Thibault Cassagne

Cession d’un bien immobilier démembré : quelles conséquences ?

Le démembrement d’un bien immobilier est une situation fréquente à l’issue d’une succession ou d’une donation. Les parents deviennent en principe usufruitiers et les enfants nus-propriétaires. Toutefois, pour diverses raisons, le bien démembré peut être amené à être cédé. Trois questions peuvent alors se poser.

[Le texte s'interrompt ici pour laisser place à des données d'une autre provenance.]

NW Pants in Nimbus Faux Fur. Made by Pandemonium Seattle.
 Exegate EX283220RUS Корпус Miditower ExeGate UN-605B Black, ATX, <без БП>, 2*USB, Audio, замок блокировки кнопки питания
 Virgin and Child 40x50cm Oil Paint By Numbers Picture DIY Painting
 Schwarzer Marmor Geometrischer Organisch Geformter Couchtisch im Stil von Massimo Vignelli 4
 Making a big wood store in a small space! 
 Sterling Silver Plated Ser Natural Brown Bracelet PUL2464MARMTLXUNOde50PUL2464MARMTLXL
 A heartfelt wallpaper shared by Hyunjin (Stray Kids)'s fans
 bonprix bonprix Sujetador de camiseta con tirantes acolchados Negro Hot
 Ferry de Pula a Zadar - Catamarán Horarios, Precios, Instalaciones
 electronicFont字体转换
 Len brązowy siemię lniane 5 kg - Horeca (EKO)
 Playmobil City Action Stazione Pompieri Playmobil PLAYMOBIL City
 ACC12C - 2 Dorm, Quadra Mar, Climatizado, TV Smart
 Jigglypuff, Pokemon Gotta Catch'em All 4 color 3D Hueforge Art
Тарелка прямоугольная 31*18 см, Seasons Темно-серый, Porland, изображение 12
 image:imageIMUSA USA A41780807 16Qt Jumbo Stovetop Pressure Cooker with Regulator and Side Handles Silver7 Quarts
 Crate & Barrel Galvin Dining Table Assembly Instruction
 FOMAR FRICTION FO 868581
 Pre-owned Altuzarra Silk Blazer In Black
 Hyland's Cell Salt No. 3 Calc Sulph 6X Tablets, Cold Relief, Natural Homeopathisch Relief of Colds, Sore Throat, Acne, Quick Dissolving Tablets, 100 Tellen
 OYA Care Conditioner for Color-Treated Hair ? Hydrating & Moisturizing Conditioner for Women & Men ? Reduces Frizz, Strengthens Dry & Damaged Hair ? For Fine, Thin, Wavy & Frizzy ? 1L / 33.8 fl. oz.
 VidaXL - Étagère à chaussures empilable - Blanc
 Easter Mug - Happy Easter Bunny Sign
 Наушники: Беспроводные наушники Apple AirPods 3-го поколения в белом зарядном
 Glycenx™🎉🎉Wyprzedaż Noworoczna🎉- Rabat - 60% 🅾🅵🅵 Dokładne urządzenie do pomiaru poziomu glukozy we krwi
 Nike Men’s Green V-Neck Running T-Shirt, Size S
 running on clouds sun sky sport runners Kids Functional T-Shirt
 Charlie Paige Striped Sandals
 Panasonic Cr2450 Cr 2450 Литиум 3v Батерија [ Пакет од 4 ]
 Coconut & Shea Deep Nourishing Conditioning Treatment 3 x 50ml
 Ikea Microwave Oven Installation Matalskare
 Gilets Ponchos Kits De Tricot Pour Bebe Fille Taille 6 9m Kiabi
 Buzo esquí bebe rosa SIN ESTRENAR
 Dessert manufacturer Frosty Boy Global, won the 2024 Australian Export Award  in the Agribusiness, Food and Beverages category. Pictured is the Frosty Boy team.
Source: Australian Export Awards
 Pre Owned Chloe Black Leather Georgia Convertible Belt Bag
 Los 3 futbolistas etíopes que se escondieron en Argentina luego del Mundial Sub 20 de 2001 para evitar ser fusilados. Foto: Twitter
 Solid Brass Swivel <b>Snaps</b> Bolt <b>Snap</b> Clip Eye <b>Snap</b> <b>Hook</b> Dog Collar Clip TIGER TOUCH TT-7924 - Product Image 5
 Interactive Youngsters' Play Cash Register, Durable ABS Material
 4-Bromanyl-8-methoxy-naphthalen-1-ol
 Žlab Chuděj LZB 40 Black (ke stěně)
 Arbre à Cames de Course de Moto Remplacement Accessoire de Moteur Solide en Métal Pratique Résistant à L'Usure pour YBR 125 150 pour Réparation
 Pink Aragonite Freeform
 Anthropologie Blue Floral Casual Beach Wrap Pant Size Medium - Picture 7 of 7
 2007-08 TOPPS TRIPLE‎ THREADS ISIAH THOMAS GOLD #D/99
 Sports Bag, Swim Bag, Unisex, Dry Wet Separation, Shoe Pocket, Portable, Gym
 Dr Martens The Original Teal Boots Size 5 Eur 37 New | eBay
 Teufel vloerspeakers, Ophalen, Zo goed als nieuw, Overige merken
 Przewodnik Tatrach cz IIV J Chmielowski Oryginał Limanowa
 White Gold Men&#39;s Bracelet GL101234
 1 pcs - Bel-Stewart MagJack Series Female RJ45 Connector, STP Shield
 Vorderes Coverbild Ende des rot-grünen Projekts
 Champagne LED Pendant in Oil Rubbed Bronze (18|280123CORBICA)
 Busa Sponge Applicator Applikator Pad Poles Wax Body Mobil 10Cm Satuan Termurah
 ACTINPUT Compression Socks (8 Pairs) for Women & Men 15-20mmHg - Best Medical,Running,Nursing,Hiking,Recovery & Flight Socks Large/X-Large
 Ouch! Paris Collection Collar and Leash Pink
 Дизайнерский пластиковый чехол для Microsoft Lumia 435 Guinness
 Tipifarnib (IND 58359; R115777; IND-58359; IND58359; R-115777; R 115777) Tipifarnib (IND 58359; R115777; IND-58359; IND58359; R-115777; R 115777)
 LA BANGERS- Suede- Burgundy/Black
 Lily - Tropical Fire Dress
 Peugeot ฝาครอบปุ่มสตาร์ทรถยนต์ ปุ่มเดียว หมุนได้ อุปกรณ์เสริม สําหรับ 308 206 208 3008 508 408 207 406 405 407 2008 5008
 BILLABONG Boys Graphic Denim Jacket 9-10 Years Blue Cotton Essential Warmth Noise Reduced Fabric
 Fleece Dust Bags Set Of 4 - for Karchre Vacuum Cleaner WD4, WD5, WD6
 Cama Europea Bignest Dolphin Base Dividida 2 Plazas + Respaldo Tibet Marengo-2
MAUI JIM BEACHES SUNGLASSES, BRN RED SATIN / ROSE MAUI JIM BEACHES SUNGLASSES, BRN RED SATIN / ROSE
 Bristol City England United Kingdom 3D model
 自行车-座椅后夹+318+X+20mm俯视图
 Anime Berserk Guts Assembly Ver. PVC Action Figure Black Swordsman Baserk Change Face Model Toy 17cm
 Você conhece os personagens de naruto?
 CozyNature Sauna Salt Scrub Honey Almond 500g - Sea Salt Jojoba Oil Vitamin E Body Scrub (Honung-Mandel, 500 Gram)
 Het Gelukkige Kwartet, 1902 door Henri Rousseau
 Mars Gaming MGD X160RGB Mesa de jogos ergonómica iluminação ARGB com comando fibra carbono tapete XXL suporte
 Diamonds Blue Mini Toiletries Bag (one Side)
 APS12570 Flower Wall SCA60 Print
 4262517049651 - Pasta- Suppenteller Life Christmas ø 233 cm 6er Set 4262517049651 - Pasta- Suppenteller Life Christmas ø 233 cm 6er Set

Quel est le sort du prix de vente du bien démembré ?

 

 

Choix 1 : La répartition du prix de cession

Le prix est alors partagé entre les parents et enfants. Il existe 2 méthodes de valorisation pour ventiler le prix de vente. Cette répartition peut se faire en fonction du barème fiscal prévu à l’article 669 du CGI*, qui établit la valeur de l’usufruit en fonction de l’âge de l’usufruitier. Par exemple, si le parent est âgé de 82 ans, il peut prétendre à 20% du prix de cession du bien et le nu-propriétaire à 80%. Toutefois, cette méthode de calcul peut parfois léser l’usufruitier au profit du nu-propriétaire compte tenu de l’allégement de l’espérance de vie notamment. Il est alors possible d’opter pour la méthode dite économique, davantage basée sur la rentabilité du bien. Soulignons qu’avec le partage du prix, les avantages du démembrement sont perdus, dans la mesure où le nu-propriétaire ne récupère plus la pleine propriété du bien (et donc la valeur de l’usufruit) sans fiscalité supplémentaire au décès du parent.

 

Choix 2 : Report du démembrement

Le démembrement peut être reporté sur un autre actif qui sera lui-même démembré. Cette solution permet de conserver les avantages du démembrement et d’investir dans un bien adapté aux objectifs de l’usufruitier et du nu-propriétaire. Il peut par exemple s’agir du report du démembrement sur un nouvel actif immobilier ou un actif financier.

 

Choix 3 : Perception du prix sous forme de quasi-usufruit

Le prix de cession du bien démembré peut être payé entre les mains de l’usufruitier, qui est alors libre d’en disposer comme il l’entend : il s’agit du quasi-usufruit. Cette solution permet au parent de réaliser les investissements qu’il souhaite ou de consommer le capital. Les enfants pourront théoriquement récupérer l’équivalent du capital grâce à une créance de restitution enregistrée chez le notaire, qui viendra en déduction de l’actif successoral du conjoint. Compte tenu des dernières dispositions de la loi de finances 2024, il convient d’être vigilant avec cette option qui ne doit pas avoir été contractée dans un but principalement fiscal. Nous attendons davantage de précisions pour sécuriser cette option.

 

Qui décide de ces modalités ?

La cession d’un bien démembré doit résulter de l’accord conjoint des deux parties, parents et enfants dans notre exemple. Il en va de même pour les modalités post cession. Un accord doit être formalisé dans un acte, au plus tard avant la vente définitive, idéalement avant la signature de l’avant contrat. A défaut de convention, la vente met un terme au démembrement de propriété. Il est à noter qu’il est aussi possible de prévoir dans l’acte de donation le sort du prix de vente démembré.

 

Qui paie l’impôt de plus-value ?

Quelles que soient les modalités retenues du prix de vente, chacune des parties reste redevable de l’éventuel impôt de plus-value en son nom. En cas de report du démembrement sur la totalité du prix de vente par exemple, les parents et les enfants n’appréhendent pas de liquidités. Il convient dès lors d’anticiper les conséquences fiscales avant de déterminer le choix du sort du prix de vente.